MAINZ (23. November 2015). Bernhard Hoëcker ist ein Multitalent. Wie ein Springteufel landet er auf der Unterhausbühne und die Inkubationszeit in Sachen gute Stimmung ist sofort vergangen: Mit breitem und vor allem ehrlichem Lächeln umarmt der Rheinländer sein Publikum gleichsam und lässt es den Abend über nicht mehr los.

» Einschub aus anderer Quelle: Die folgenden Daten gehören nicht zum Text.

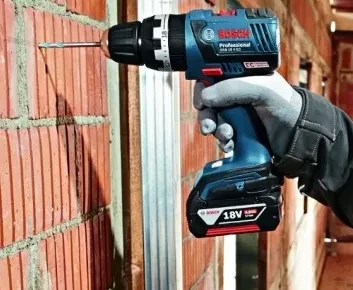 Дрель-шуруповерт аккумуляторная BOSCH GSB 18 V-EC ударная купить в Новом Уренгое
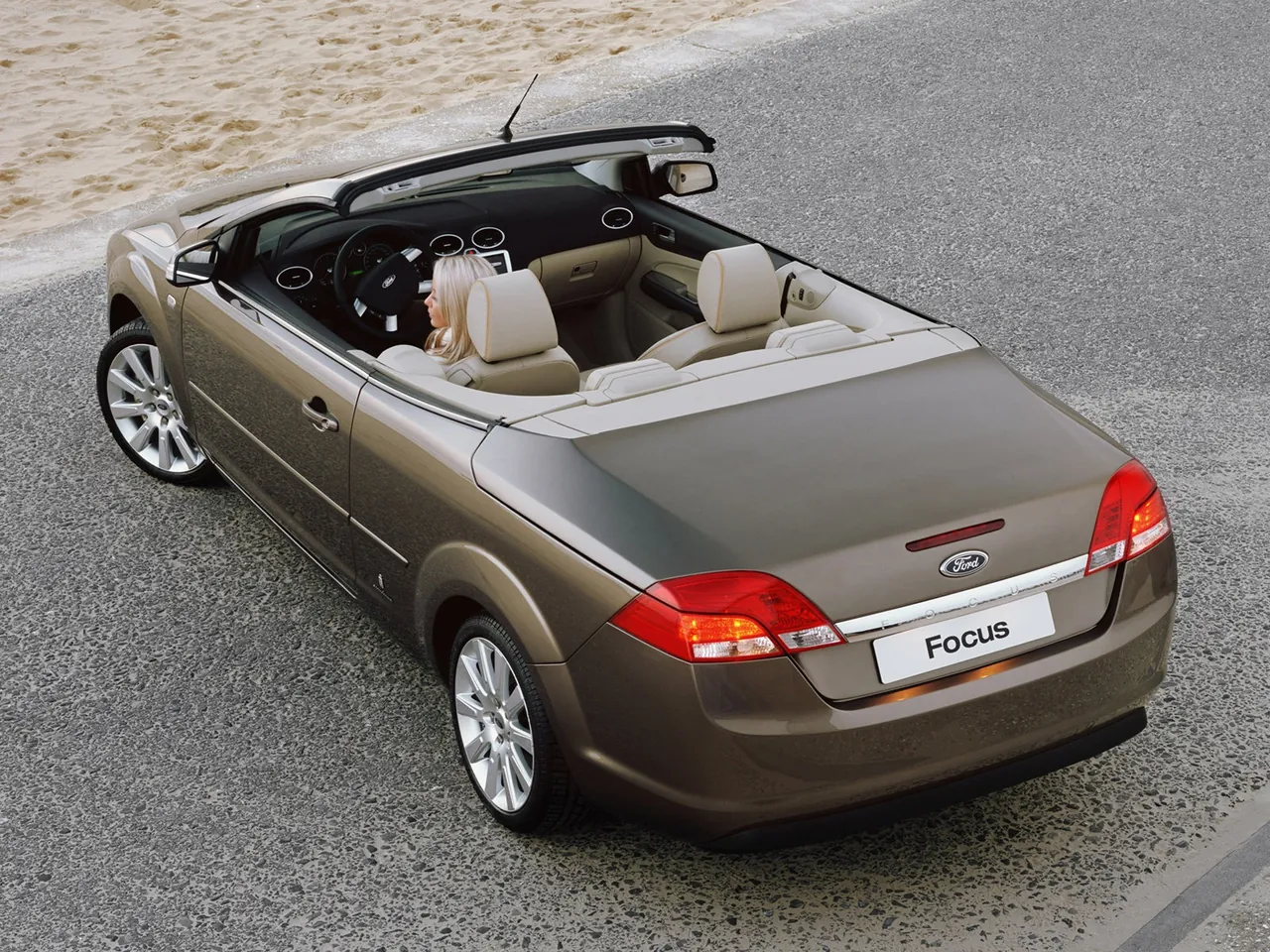Ford Focus Coupe-Cabriolet (2006) – zadní tříčtvrteční pohled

„So liegen Sie richtig falsch!“ heißt das aktuelle Programm des begnadeten Mimen, Komikers, Parodisten und vor allem Improvisationskünstlers. Gelernt hat Hoëcker unter anderem bei den Bonner Springmäusen, doch sein Talent hat er bis zur Perfektion verfeinert. Zwar ist der Abend natürlich im Groben abgesteckt und auch bei einem Totalausfall seitens des Publikums würde der Comedian einen unterhaltsamen Abend hinkriegen. Doch die Leichtigkeit, mit der er sein Auditorium einbindet, dürfte ihn auch dazu befähigen, gänzlich frei und ohne Konzept auszukommen.

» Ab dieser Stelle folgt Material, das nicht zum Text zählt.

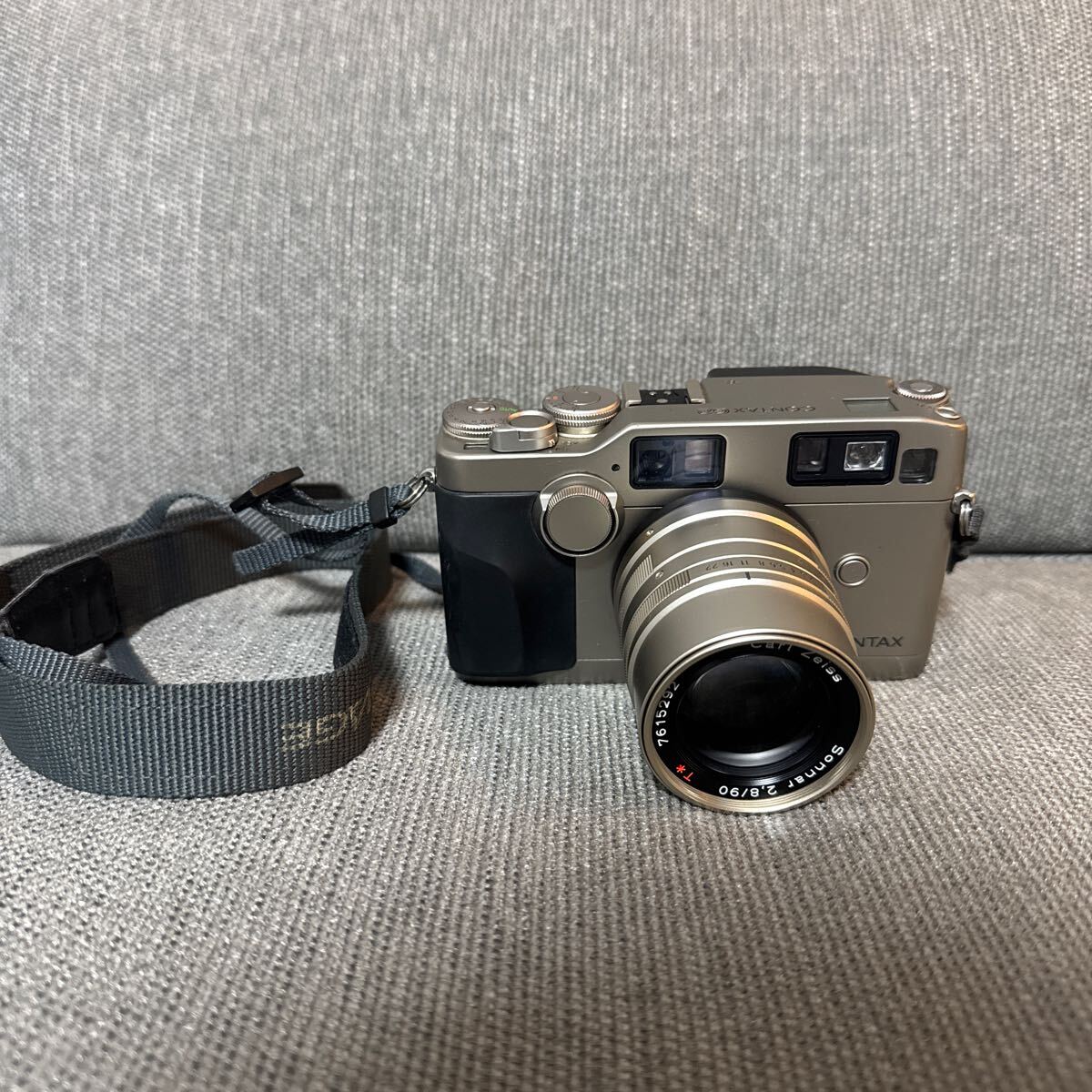 Contax G2 コンタックス フィルムカメラ レトロカメラ 90mm f2.8 Contax G2 コンタックス フィルムカメラ レトロカメラ 90mm f2.8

Da ist der Herr in einer der vorderen Reihen, der nach seinem Beruf gefragt ausgerechnet mit „Risikoanalyst bei einem Ingelheimer Pharmakonzern“ antwortet. Etwas Besseres kann sich Hoëcker gar nicht wünschen und löchert den Gast sympathisch aufdringlich. Auch eine Arzthelferin und eine Akademikerin, die über Lasertechnik promoviert hat, dürfen munter Auskunft geben. Die erlangten Informationen lässt Hoëcker an passenden Stellen immer wieder fallen – und das Publikum lacht schallend ob des Wiedererkennens.

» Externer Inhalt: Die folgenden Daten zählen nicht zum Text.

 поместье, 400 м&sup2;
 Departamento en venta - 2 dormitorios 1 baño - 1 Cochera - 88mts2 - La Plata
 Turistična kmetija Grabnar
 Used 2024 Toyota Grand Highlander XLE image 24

„Alles, was Du sagst, sollte wahr sein. Aber nicht alles, was wahr ist, solltest Du auch sagen“, dem Postulat des Philosophen Voltaire stellt Hoëcker ein patziges „Doch!“ entgegen. Er parliert gerne mit seinem Wissen, jongliert mit Informationen, führt auf falsche Fährten, deckt Irrtümer auf. Das funktioniert hervorragend mit der Zeichensprache: Uns geläufige Gesten bedeuten in fernen Ländern nämlich gänzlich anderes. So ist der hochgestreckte Daumen in der der Türkei eine Beleidigung und das Tippen an die Schläfe in Peru Ausdruck der Bewunderung. Gemeinsam mit der Tauchersprache formuliert Hoëcker herrlich abstruse Geschichten.

In der Kommunikation mit dem Publikum geht es unterhaltsam von Frankfurter Grüner Soße über Walküren und Wikingerhelme zu Verschwörungstheorien. Kein Thema ist dem Comedian zu abwegig, Kommentare werden aufgegriffen und eingebaut – die Situationskomik spielt Hoëcker in die Hände.

Er selbst gibt gerne zu, an jedem Abend etwas Neues zu lernen – das Publikum aber weiß am Ende der rasanten Show unglaublich viel mehr: Es kennt jetzt das „Vier-Ohren-Modell“ und die Ursachen des Missverstehens, benutzt (zumindest kurzfristig) die sauberste Toilette und erkennt im Vorhinein die längste Kassenschlange. Selten war ein Klugscheißer derart liebenswert.